JuliaML / MLUtils.jl

Utilities and abstractions for Machine Learning tasks
MIT License
109 stars 22 forks source link

kfold time series #58

Open luboshanus opened 2 years ago

luboshanus commented 2 years ago

Hi,

have you thought about porting some Time Series utility functions? Such as kfold for time series?

https://alan-turing-institute.github.io/MLJ.jl/stable/evaluating_model_performance/#MLJBase.TimeSeriesCV

julia> MLJBase.train_test_pairs(TimeSeriesCV(nfolds=3), 1:10)
3-element Vector{Tuple{UnitRange{Int64}, UnitRange{Int64}}}:
 (1:4, 5:6)
 (1:6, 7:8)
 (1:8, 9:10)

Thanks.

juliohm commented 2 years ago

I am not the maintainer of MLUtils.jl but I believe that anything related to specific domains such as time series, spatial data should be developed in separate projects.

For example, in geospatial ML there are a couple of methods available in GeoStats.jl: https://juliaearth.github.io/GeoStats.jl/stable/validation.html

You could even use these with time series data. Alternatively, you can propose specific validation methods in TimeSeries.jl or any other package that is devoted to the analysis of time series objects.

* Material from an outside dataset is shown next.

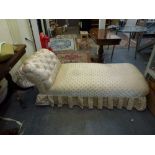 An early 20th century day bed covered in a shiny champagne coloured fabric with shell motif, with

darsnack commented 2 years ago

MLDataPattern.jl had time series functions, but they were tricky to work with and didn't compose as well with the rest of the package. In general, time dimensions are hard to get right. So, a quick port of the MLDataPattern.jl functions is probably not what we want here. Indeed, what we finally land on might be more appropriate in a separate package as Julio suggested.

So, the answer is yes, but whatever is proposed will have to be carefully considered for how we want to work with temporal data in general.

luboshanus commented 1 year ago

What about a simple kfolds like this: https://stats.stackexchange.com/a/14109 Thanks :)